Ferry Juliantono menjelaskan batasan pengetahuannya terkait proses pengadaan kendaraan tersebut. "Kami tidak mengetahui secara persis karena itu soal Agrinas Pangan yang melaksanakan kegiatan dengan pihak produser dari India," kata Ferry mengenai tanggung jawab detail transaksi impor.
Kementerian Koperasi sebelumnya telah memberikan mandat kepada PT Agrinas Pangan Nusantara untuk membangun infrastruktur fisik, termasuk pembukaan gerai dan gudang bagi Kopdes Merah Putih di berbagai daerah. Mandat ini mencakup penyediaan fasilitas pendukung operasional koperasi.
Selain pembangunan fisik, perusahaan yang ditunjuk tersebut juga memegang tanggung jawab untuk menyediakan berbagai perlengkapan yang dibutuhkan, salah satunya adalah pemenuhan armada angkutan operasional. Armada inilah yang mencakup pesanan 105.000 unit pikap India tersebut.

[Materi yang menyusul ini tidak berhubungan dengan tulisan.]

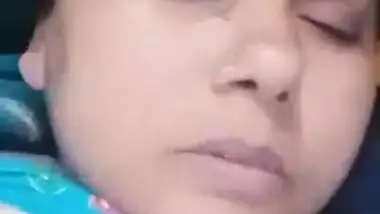 Desi village bhbai show her boob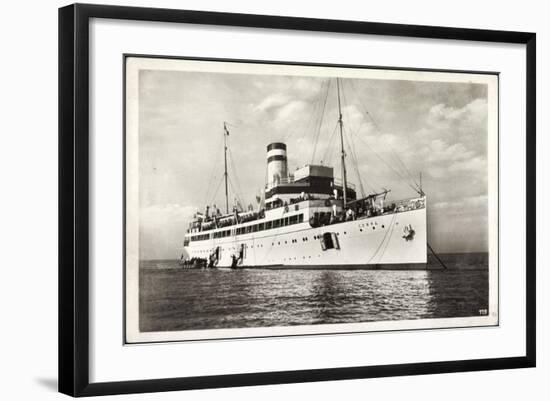 Hapag,Seebäderdienst,Dampfschiff Cobra Vor Helgoland-null-Framed Giclee Print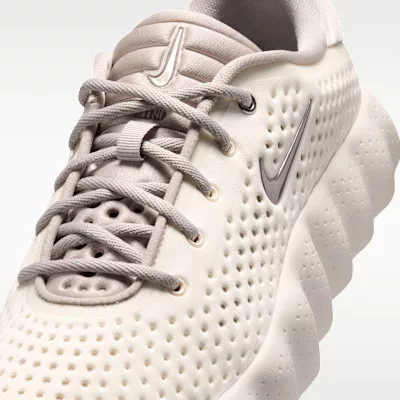 Nike Mind 002 Phantom College Grey alacsony szárú sneaker – termékfotó, oldalnézet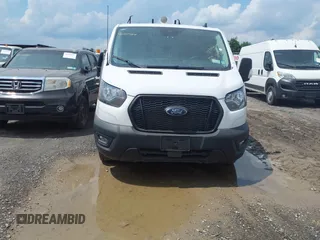 2024 Ford Transit z VIN 1FTYE2Y87RKA82840, wystawiony jako IAAI lot #42644818 z przebiegiem 10 940 mil mil oraz . Historia ofert i sprzedaży dostępna na DreamBid. Obrazek 12.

Menkop Ferry menegaskan bahwa kementeriannya memiliki mekanisme pengawasan yang berbeda untuk setiap jenis tanggung jawab yang didelegasikan. "Ferry menjelaskan bahwa pihaknya memiliki akses untuk memantau langsung pembangunan fasilitas fisik, namun hal tersebut berbeda dengan detail pengadaan unit kendaraan asal India," demikian disampaikan.
Walaupun pekerjaan teknis pengadaan kendaraan telah diserahkan sepenuhnya kepada pihak ketiga, Menkop tetap menggarisbawahi tanggung jawab moral lembaganya. "Kami yang melaksanakan pemberian pekerjaan kepada PT Agrinas Pangan tentu kami ikut punya tanggung jawab di sini untuk memastikan bahwa pembangunan fisik gudang gerai dan kelengkapannya," tutur Ferry dalam rapat tersebut.
RDP tersebut sejatinya dijadwalkan untuk mendengarkan klarifikasi langsung dari Direktur Utama PT Agrinas Pangan Nusantara, Joao Angelo De Sousa Mota. Namun, Joao Angelo dilaporkan berhalangan hadir karena alasan kesehatan.